Year: 2019 Source: Australian and New Zealand Journal of Public Health. (2016). 41(1), 61-69. SIEC No: 20190695

Objective: To review the association between exposure to interpersonal violence and suicide among women.

Methods: In accordance with the Preferred Reporting Items for Systematic Reviews and Meta‐Analyses Protocol (PRISMA‐P), this review examined articles identified by using the key terms ‘interpersonal violence’, ‘suicide’ and ‘death’. Of 5,536 articles identified, 38 met the a priori inclusion criteria. These required that studies examined interpersonal violence, included women and completed suicide was a measured outcome.
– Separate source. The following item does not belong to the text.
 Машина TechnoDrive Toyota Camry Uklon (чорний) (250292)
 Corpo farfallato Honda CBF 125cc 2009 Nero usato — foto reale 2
Results: Thirty‐eight studies were identified. These examined suicides among women exposed to interpersonal violence as a victim (n=27) or perpetrator (n=14). A history of interpersonal violence was identified in 3.5–62.5% of female suicides, with many articles finding victims of abuse have an increased risk of death from suicide. Females perpetrating violence may also be at increased the risk of death from suicide. However, several papers have questioned these associations. Further, the contribution of mental illness to this association is unclear.

Conclusions: Although the association between suicide and interpersonal violence requires further investigation, being a victim or perpetrator of violence appears to be associated with risk of suicide. Future research should focus on the impact that the type of violence, victim‐perpetrator relationship and proximity of violence has on the risk of death from suicide.